Posted to j-dev@xerces.apache.org by "TAMURA, Kent (JIRA)" <xe...@xml.apache.org> on 2006/03/01 17:53:38 UTC
[jira] Commented: (XERCESJ-1126) Regular Expressions starting with
"." in non-XML Schema mode use wrong first character optimization
[ http://issues.apache.org/jira/browse/XERCESJ-1126?page=comments#action_12368312 ]
TAMURA, Kent commented on XERCESJ-1126:
---------------------------------------
> I think it should unconditionally return FC_ANY for DOT
That's correct. We should apply the following:
Index: src/org/apache/xerces/impl/xpath/regex/Token.java
===================================================================
--- src/org/apache/xerces/impl/xpath/regex/Token.java (revision 382072)

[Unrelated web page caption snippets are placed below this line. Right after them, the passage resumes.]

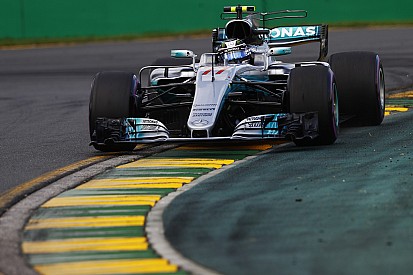 Bottas: "Domani costruiremo una doppietta per il team Mercedes"
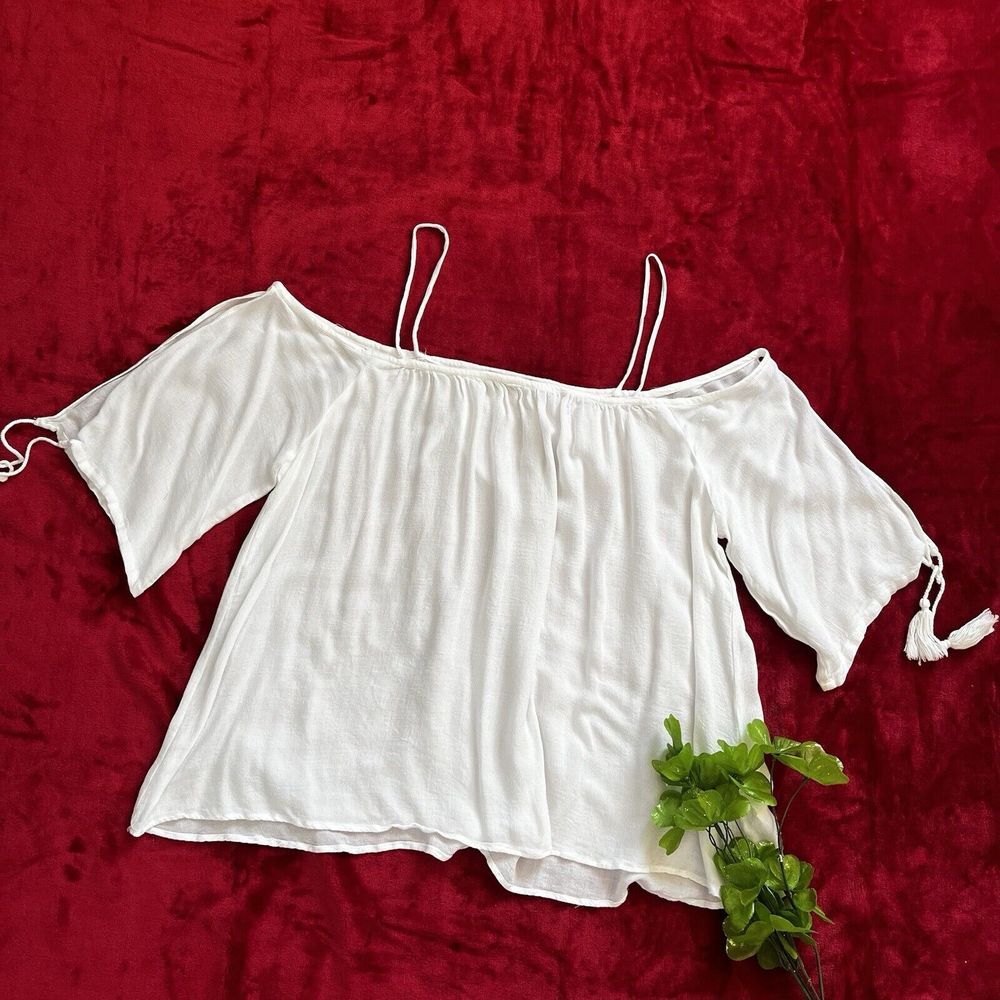 Pull and Bear Boho Blouse Sz‎ EUR M relaxed Summer Casual Knit OffShoulder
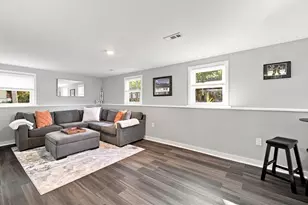 18 Montgomery Dr, Plymouth, MA 02360 - Photo 10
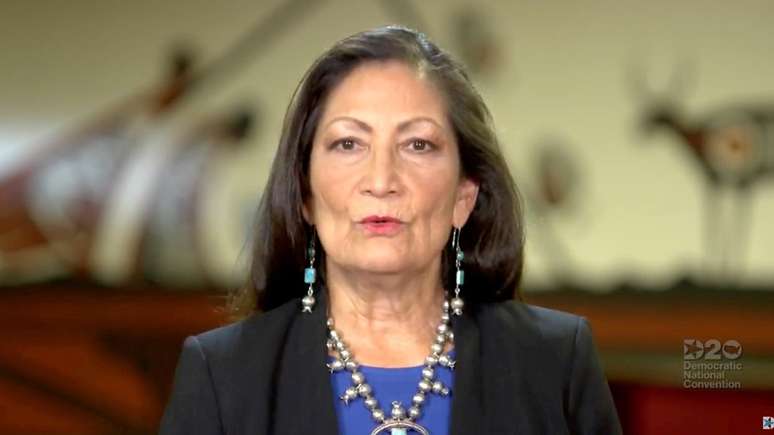 Haaland é a primeira mulher indígena a ser eleita para o Congresso americano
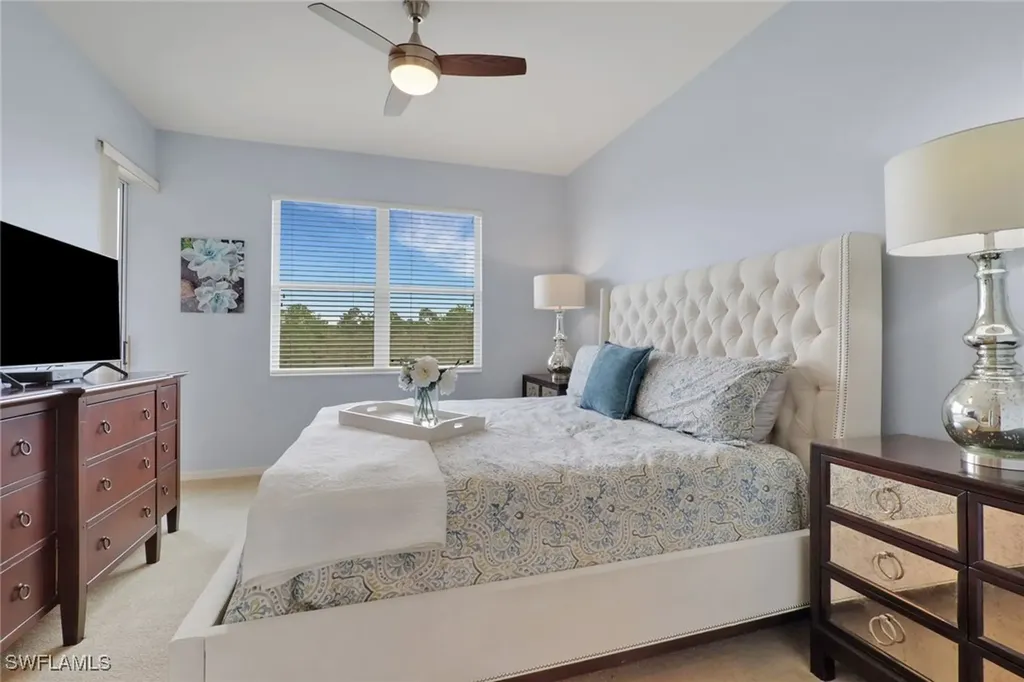 3760 Sawgrass Way Naples FL 34112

+++ src/org/apache/xerces/impl/xpath/regex/Token.java (working copy)
@@ -437,20 +437,8 @@
}
return FC_TERMINAL;
- case DOT: // ****
- if (isSet(options, RegularExpression.SINGLE_LINE)) {
- return FC_CONTINUE; // **** We can not optimize.
- } else {
- return FC_CONTINUE;
- /*
- result.addRange(0, RegularExpression.LINE_FEED-1);
- result.addRange(RegularExpression.LINE_FEED+1, RegularExpression.CARRIAGE_RETURN-1);
- result.addRange(RegularExpression.CARRIAGE_RETURN+1,
- RegularExpression.LINE_SEPARATOR-1);
- result.addRange(RegularExpression.PARAGRAPH_SEPARATOR+1, UTF16_MAX);
- return 1;
- */
- }
+ case DOT:
+ return FC_ANY;
case RANGE:
if (isSet(options, RegularExpression.IGNORE_CASE)) {
> Regular Expressions starting with "." in non-XML Schema mode use wrong first character optimization
> ---------------------------------------------------------------------------------------------------
>
> Key: XERCESJ-1126
> URL: http://issues.apache.org/jira/browse/XERCESJ-1126
> Project: Xerces2-J
> Type: Bug
> Versions: 2.7.1
> Reporter: Martin Probst
>
> The following Java snippet prints "not matched", but should print "matched".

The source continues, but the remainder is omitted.